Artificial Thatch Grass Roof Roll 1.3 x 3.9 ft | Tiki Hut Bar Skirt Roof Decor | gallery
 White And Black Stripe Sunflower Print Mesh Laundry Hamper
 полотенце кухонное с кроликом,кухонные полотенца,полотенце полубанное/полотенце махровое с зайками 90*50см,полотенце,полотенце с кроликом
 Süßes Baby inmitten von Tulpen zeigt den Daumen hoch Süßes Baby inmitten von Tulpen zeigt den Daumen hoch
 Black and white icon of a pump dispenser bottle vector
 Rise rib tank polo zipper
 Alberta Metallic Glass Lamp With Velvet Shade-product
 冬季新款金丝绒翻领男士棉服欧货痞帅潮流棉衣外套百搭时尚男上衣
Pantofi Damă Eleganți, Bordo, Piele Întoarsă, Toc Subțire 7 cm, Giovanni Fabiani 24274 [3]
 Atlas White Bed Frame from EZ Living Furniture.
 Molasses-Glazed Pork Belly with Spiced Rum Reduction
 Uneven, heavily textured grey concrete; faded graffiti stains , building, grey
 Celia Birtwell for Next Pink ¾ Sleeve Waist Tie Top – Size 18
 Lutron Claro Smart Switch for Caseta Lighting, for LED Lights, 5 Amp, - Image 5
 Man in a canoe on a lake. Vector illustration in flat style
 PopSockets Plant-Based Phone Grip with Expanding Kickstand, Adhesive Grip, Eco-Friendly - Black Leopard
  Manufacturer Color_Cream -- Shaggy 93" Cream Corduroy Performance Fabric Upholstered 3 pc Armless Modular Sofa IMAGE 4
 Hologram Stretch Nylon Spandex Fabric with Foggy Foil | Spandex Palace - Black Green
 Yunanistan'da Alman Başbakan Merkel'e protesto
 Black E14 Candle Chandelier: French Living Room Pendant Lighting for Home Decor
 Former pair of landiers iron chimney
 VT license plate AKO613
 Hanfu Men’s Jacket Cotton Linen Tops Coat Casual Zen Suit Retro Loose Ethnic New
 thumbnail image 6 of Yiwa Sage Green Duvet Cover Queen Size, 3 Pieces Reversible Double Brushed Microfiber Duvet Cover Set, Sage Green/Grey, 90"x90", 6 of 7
..............................
Problem details – In the entries above, find the line holding "Pantofi Damă Eleganți, Bordo, Piele" and the line holding "Uneven, heavily textured", then retype exactly those two lines and every line between them, and nothing else.

Exercise answer –
Pantofi Damă Eleganți, Bordo, Piele Întoarsă, Toc Subțire 7 cm, Giovanni Fabiani 24274 [3]
 Atlas White Bed Frame from EZ Living Furniture.
 Molasses-Glazed Pork Belly with Spiced Rum Reduction
 Uneven, heavily textured grey concrete; faded graffiti stains , building, grey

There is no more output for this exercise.